No dar señales de vida es una de las cosas que más nervioso pone a quien está esperando la llamada, el mensaje SMS o el email de la persona amada. Que no haya respuesta a la comunicación que se le lanza, que todo resulte ser unilateral, destroza el corazón del enamorado, que no ve correspondidos ni sus esfuerzos ni mucho menos sus sentimientos. Es lo que le ocurre a Álex (Ramón Pujol) cuando después de múltiples tentativas de localizar a su chico decide llamarlo, y como le sale el contestador, le deja un mensaje. Así da comienzo Smiley, la obra de Teatro que está haciendo furor en las noches madrileñas de los fines de semana: con un largo monólogo en el que Álex expone las razones de su nuevo intento de comunicación, haciéndonos, de paso, a los espectadores, un resumen de lo acontecido hasta el momento en la incipiente relación.
Ese inicio podría perfectamente ser emitido por cualquier televisión, ya que que funciona como un sketch de aquellos programas que estaban basados en ellos, tipo "Ni en vivo ni en directo", de Emilio Aragón o "Splunge", aunque este sea bastante más largo, y Ramón, su intérprete, consigue darle a su exposición una frescura y un dinamismo nada fáciles de lograr. Convierte su desesperación en pura comedia y más de un espectador se sentirá identificado con lo que el cuerpo le pide soltar. Tanto es así que las carcajadas invaden la platea y el teatro se inunda de risas y aplausos.

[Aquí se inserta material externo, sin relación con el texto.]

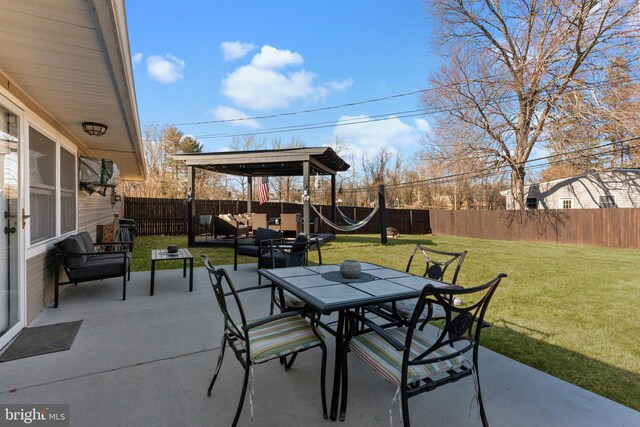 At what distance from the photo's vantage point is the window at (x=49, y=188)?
3.28 meters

Lo que sigue a continuación son encuentros y desencuentros en el bar Be Ro, donde Álex trabaja, y en un par de escenarios más, sin necesidad de cambiar el decorado instalado desde el principio.
Ramón Pujol y Aitor Merino, Álex y Bruno en la ficción, se enfrentan a personajes tan humanos como cientos o miles de seres que buscan el amor que ellos también anhelan.
La única pega que podría ponérsele al texto es que sea un tanto redundante cuando el nudo ya está desarrollado y se han puesto sobre la mesa todos los elementos que van a darle forma al desenlace.
Ese pequeño traspiés le quita puntos a una obra magnífica y muy divertida que tiene de todo lo que el género pide: situaciones confusas, tensiones dramáticas puntuales para que las risas emerjan con más potencia y detalles simbólicos que serán cruciales en el momento preciso. Tiene de todo, menos el tiempo adecuado para que no nos pese lo que al principio era un acierto.
Pero vale la pena verla porque se disfruta, porque hay mucha verdad en las palabras escritas por Guillem Clua, porque los actores están colosales en su exposición de personalidades contrapuestas y porque pocas cosas hay más bonitas que experimentar las risas conjuntas de un público entregado al humor que desata la comedia.